Googoosh (de son vrai nom Fâegheh Atashin) est l'une des figures les plus emblématiques de la pop iranienne d'avant la révolution islamique. Disons-le : une icône.

Dans les années 1960 et 1970, sous l'influence des États-Unis qui soutiennent le Shah, l'Iran se modernise, s'occidentalise, en adoptant de plus en plus les modèles sociaux et culturels américains. En musique, la soul, le rock psychédélique et le funk s'incorporent aux sonorités traditionnelles persanes. Les labels et les disquaires se multiplient, de même que les radios, les agents artistiques, les cafés et salles de concert. La télévision relaie de nouveaux goûts et de nouvelles pratiques culturelles.

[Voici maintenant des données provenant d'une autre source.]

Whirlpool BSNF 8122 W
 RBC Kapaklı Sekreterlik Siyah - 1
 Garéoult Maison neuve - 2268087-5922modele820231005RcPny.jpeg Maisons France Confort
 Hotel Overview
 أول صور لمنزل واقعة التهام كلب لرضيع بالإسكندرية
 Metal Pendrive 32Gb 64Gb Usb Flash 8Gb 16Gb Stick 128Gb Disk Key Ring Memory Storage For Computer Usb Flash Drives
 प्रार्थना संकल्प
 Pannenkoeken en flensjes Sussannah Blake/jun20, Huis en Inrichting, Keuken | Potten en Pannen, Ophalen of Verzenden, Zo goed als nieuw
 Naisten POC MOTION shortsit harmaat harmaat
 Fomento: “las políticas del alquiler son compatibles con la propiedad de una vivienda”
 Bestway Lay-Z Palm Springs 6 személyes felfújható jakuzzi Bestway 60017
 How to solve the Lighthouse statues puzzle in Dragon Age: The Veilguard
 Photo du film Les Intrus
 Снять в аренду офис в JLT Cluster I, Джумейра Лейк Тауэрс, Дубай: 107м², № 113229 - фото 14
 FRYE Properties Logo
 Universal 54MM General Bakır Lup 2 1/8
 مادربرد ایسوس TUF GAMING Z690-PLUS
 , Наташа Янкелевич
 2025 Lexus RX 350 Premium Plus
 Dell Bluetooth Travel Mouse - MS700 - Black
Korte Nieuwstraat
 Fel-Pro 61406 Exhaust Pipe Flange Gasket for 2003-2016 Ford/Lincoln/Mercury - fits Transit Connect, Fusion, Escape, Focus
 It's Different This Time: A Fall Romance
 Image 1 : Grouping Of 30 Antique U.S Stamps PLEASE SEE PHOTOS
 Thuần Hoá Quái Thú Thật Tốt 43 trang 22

Googoosh incarne à la fois ce phénomène de métissage culturel et cet engouement populaire pour la musique. Elle chante l'amour, souvent teinté de mélancolie ; et elle le chante en persan, d'une voix souple et fluide qui excelle dans les mélodies modales et les ornementations traditionnelles. Elle donne à son chant des inflexions, des respirations et un phrasé très expressifs, tout en jouant avec les accents des polyrythmies complexes. Dans sa musique cohabitent instruments iraniens (comme le daf ou le kamânche) et occidentaux (guitare, basse, batterie mais aussi parfois un orchestre de cordes), auxquels sont souvent ajoutés des synthétiseurs. Elle bénéficie des progrès technologiques de l'enregistrement et du traitement du son : superposition des pistes, mixages sophistiqués, effets de réverbération ou de distorsion, comme dans le tube Gol bi goldoon (fleur sans vase), succès de l'année 1971.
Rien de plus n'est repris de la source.